Given the controversies present in America over gun control and drug consumption, condemnation would seem more appropriate than celebration, yet crime rules prime time. This does not mean that we are all closet criminals, but rather that we are appreciating these shows for what they are: entertainment. Entertainment can often be defined as an escape from reality, and in watching shows such as “Breaking Bad,” viewers are allowing themselves to be caught up in an alternate reality, sometimes even in their fantasies.
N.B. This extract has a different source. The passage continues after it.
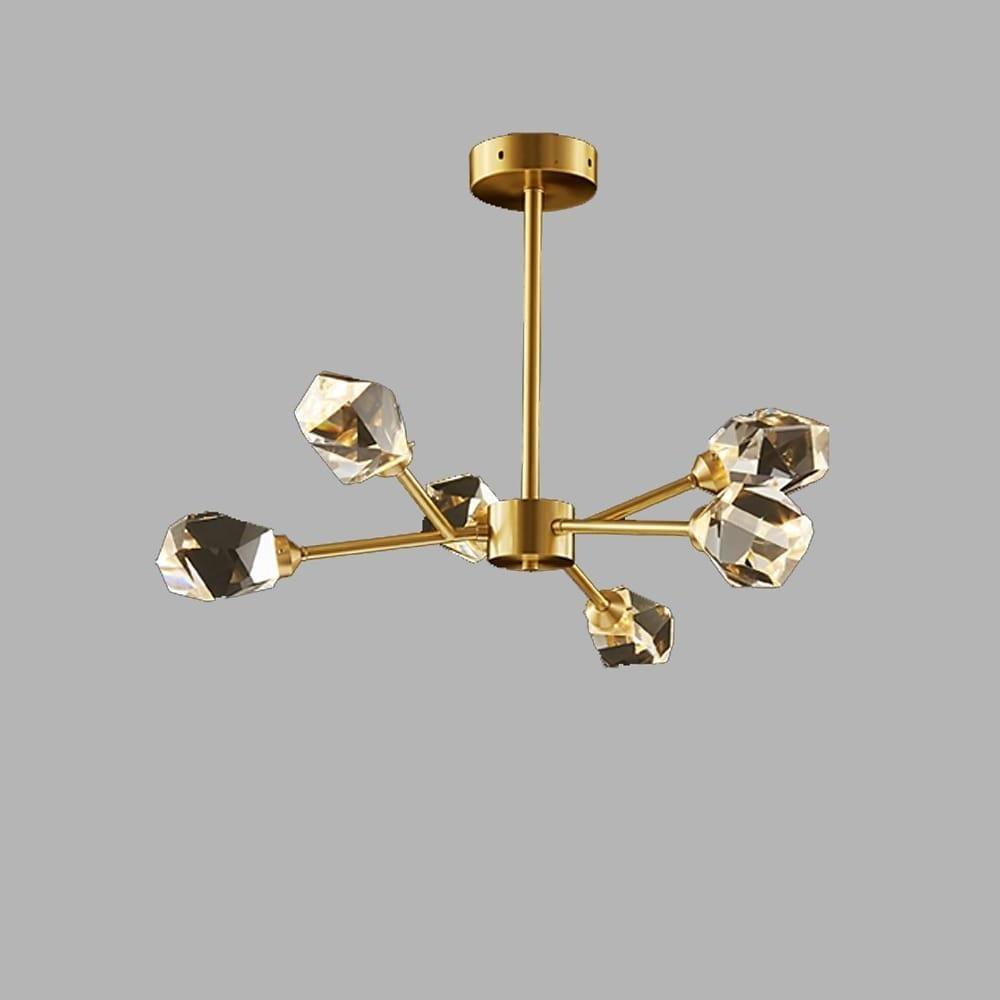 6-Light Crystal Chandelier — Electroplated Gold, LED, 30" Diameter, 20" Adjustable Chain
One group of viewers became so invested in “Breaking Bad” that they placed an obituary in the Albuquerque Journal celebrating the life of their beloved Walter White, science teacher turned drug kingpin.
Back in 2011, David Segal wrote for the New York Times on how “Breaking Bad” is comprised of ordinary middle-class characters whom, like the rest of us, “inhabit a realm of moral ambiguities that’s overseen by a man with both a wicked sense of humor and a highly refined sense of right and wrong.” However, the redeeming quality of the show is that “nobody gets away with anything, and karma is the great un-credited player.”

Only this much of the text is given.